Onda dos food trucks transforma o serviço tradicional popular em gourmet elitizado
Por Camila Valente, Giovanna Cornelio e Laís Bianquini
Traduzido para o português, food truck significa, literalmente, caminhão de comida. É um veículo que pode ser um caminhão de pequeno porte, uma van, ou uma kombi equipado com uma cozinha, no qual os chefs preparam e vendem porções pequenas de comida rápida e de padrão elevado, estilo gourmet, para as pessoas que estão passando na rua, a um preço atrativo, se comparado ao valor praticado em restaurantes. Apesar de ter a essência do bom e velho carrinho de lanche, o food truck não oferece o mesmo nível de serviço da comida de rua em geral, aquela vendida em porções generosas e a preços acessíveis a todas as classes sociais.
A origem dos food trucks data em 1872, quando Walter Scott vendia tortas, sanduíches e cafés em um vagão para os trabalhadores da cidade de Providence, nos Estados Unidos. A necessidade por comida rápida e barata fez os carrinhos se popularizarem com a fama de comida barata e baixa qualidade. A crise econônica de 2008 fez esse conceito mudar quando diversos restaurantes fecharam suas portas e seus respectivos chefs famosos precisaram de uma alternativa para enfrentar a instabilidade financeira com baixo investimento e a possibilidade de ir até onde o cliente está. Surgem os food trucks gourmet. Jovens empreendedores e desempregados se inspiraram na venda de comida na rua, como foi o caso de Roy Choi, um americano de origem coreana, que decidiu estampar o nome Kogi em um caminhão e sair pelas ruas de Los Angeles vendendo tortilla mexicana recheada por churrasco coreano. No primeiro ano, Roy faturou US$ 2 milhões. Resultado: inspirou centenas de empreendedores, não só nos Estados Unidos, mas também no mundo todo.

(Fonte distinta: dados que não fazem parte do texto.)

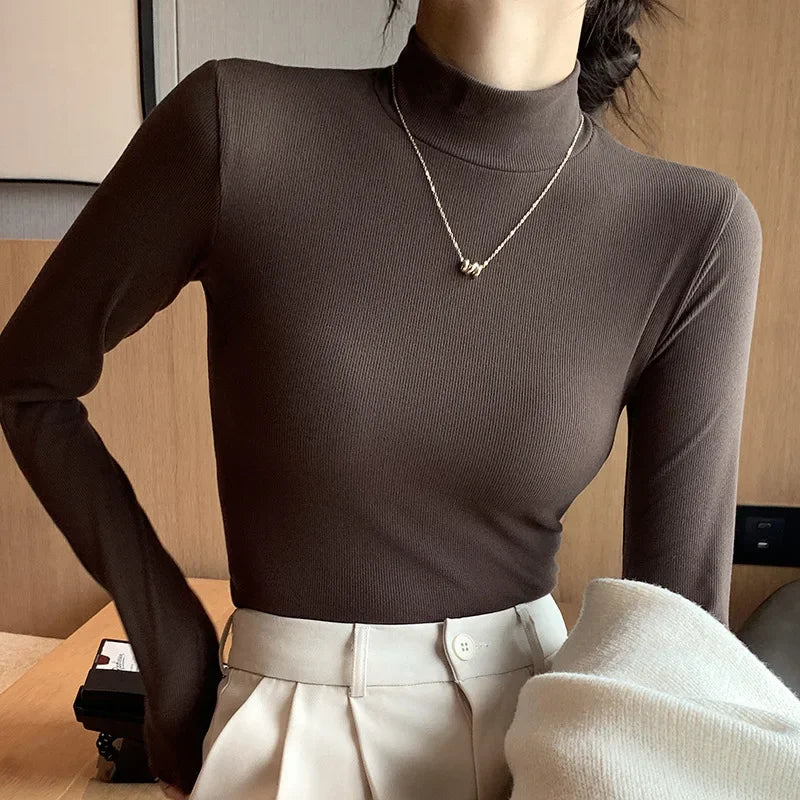 Anmutig gestaltete Pullover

A onda chegou no Brasil em 2008, mesmo sem crise, e se popularizou em 2012. Inúmeros empreendedores investiram seu dinheiro nos carros coloridos e tomaram as ruas com a ideia de levar para as ruas a comida sofisticada dos restaurantes com um preço acessível. A cidade de São Paulo destacou-se pelo pioneirismo nesse setor, com muitos empreendedores reproduzindo o modelo de sucesso de Nova Iorque e outras cidades americanas. A moda dos food trucks logo se espalhou para outros estados. Segundo o site “Food Truck nas Ruas”, que ajuda a localizar os carrinhos nas capitais brasileiras, há opções no Rio de Janeiro, Paraná, Rio Grande do Sul, Bahia, Brasília, Minas Gerais, entre outros.

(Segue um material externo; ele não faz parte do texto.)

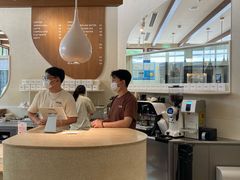 -VERIE BAKEHOUSE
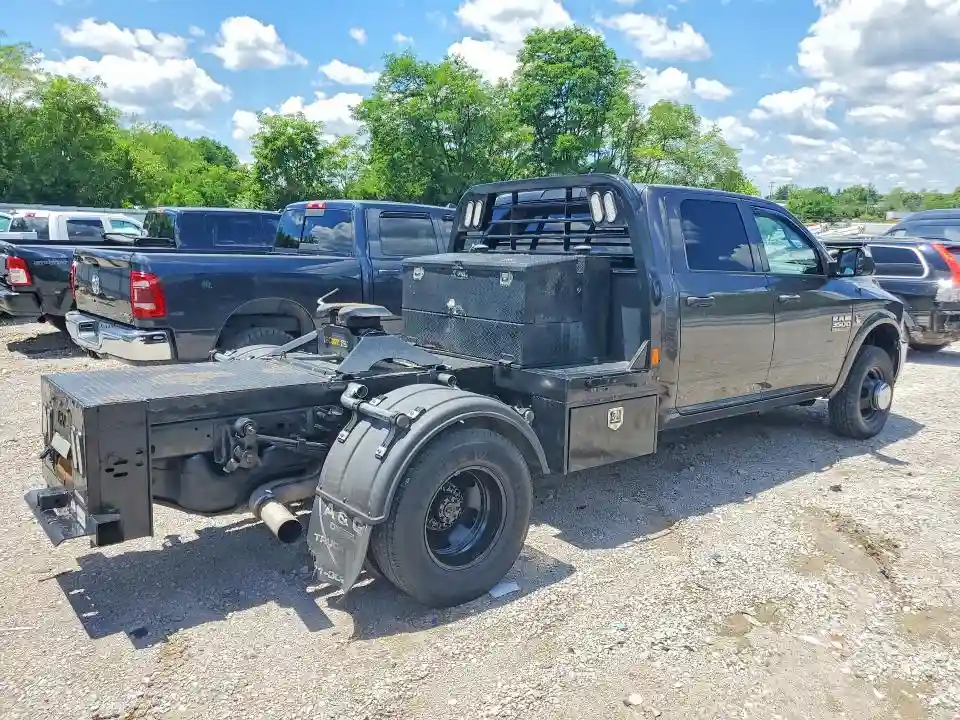 3C7WRTCL8JG159727 2018 RAM 3500-2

Para Duca Lapenda, chef de cozinha e sócio do restaurante Pomodoro Café em Pernambuco, “em primeiro lugar, é preciso denominar de forma correta o segmento. Toda comida que é vendida na rua é street food, não importa se é na barraquinha ou num carro equipado”. Duca é proprietário do truck Lanche de Luxo, que vende sanduíche com pão brioche feito sob medida, recheado com pernil suíno, vinagrete, picles de legumes orgânicos e molho à escolha do cliente, por R$ 15. “Aposto naqueles que vendem produtos únicos. Hambúrguer, pizza e cachorro-quente tem um a cada esquina”, completa.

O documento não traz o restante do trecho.